Dubya Admits Whopper!

Speaking yesterday in Kansas City, President Bush made the following remark about his proposed tax cut:

We also drop the top rate from 39.6 to 33 percent. And this is where some of the folks in Washington would rather holler than listen to the facts. It’s easier to say some things about maybe certain folks shouldn’t be getting tax relief. But I want people to understand this about dropping the top rate. A major beneficiary of dropping the top rate from 39.6 to 33 percent are small business owners. Thousands of small businesses pay taxes at the top personal rate. 

To the untrained eye, this looks like a surly swipe at Washington-based critics of Bush’s tax proposal. But close readers of this column will quickly grasp that it is really a heavily camouflaged admission of error. This past Friday, Chatterbox dinged Bush, Rep. Jennifer Dunn, and/or the Treasury Department for claiming that 17.4 million small businesses stood to benefit if Congress were to enact Bush’s proposed reduction of the top tax rate from 39.6 percent to 33 percent. In fact, according to the Center on Budget and Policy Priorities, the maximum number of small businesses who stood to benefit was 691,000, which is less than 5 percent of the figure cited by Bush. And according to Bob McIntyre of Citizens for Tax Justice, even that overstates the Bush tax proposal’s impact on small business. In truth, McIntyre says, only 160,000 small businesses are paying the 39.6 percent rate, or less than 1 percent of the figure cited by Bush. (There may be 17.4 million small businesses in the United States, but McIntyre points out that only 13.3 million of these pay income taxes at all because only 13.3 million report profits. The Treasury report cited by Bush, which misleadingly stated that “many” of the 17.4 million small businesses paid the 39.6 percent rate–fewer than 1 percent is hardly “many”–also managed to ignore the fact that 4.1 million small businesses report losses. For more details, click here.)

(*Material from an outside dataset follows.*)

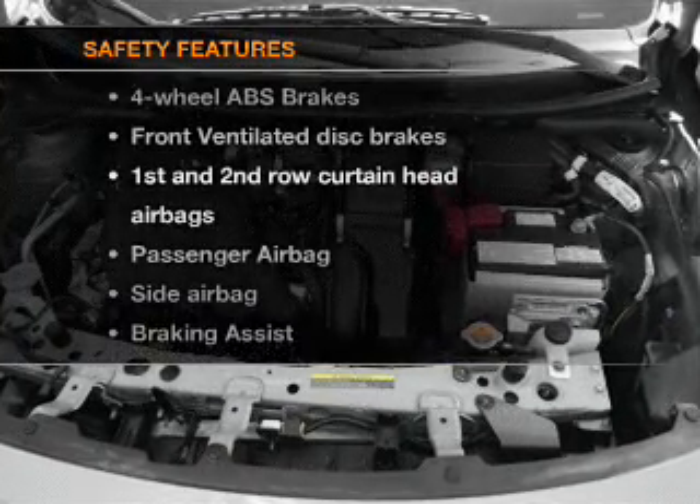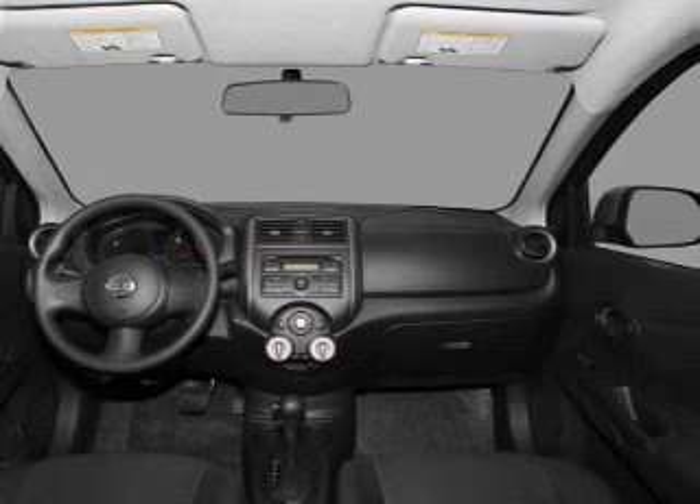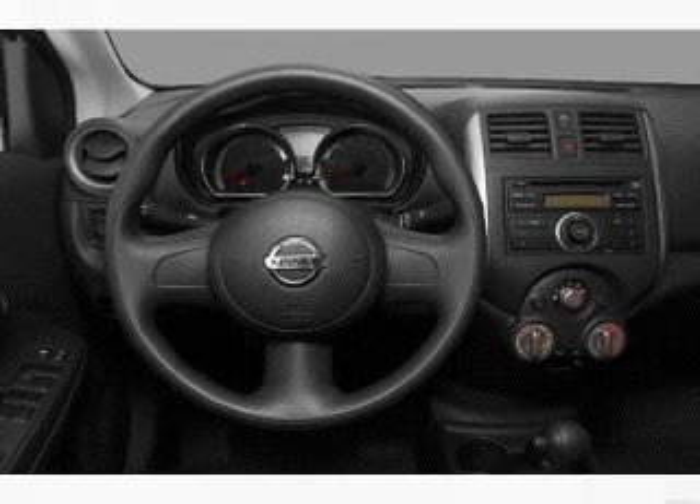And for your peace of mind, the following safety equipment is included: front ventilated disc brakes, curtain head airbags, passenger airbag, side airbag, traction control, stability control, and low tire pressure warning.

When you know all this, the subliminal message in yesterday’s Kansas City speech becomes clear. When Bush says that small businesses will be “a major beneficiary” of his tax cut, his vague language acknowledges that his administration can no longer claim that “many” small businesses will benefit. And when he says that “thousands of small businesses” pay the 39.6 percent rate, he’s conceding that he can no longer say that 17.4 million small businesses will be helped by his tax cut.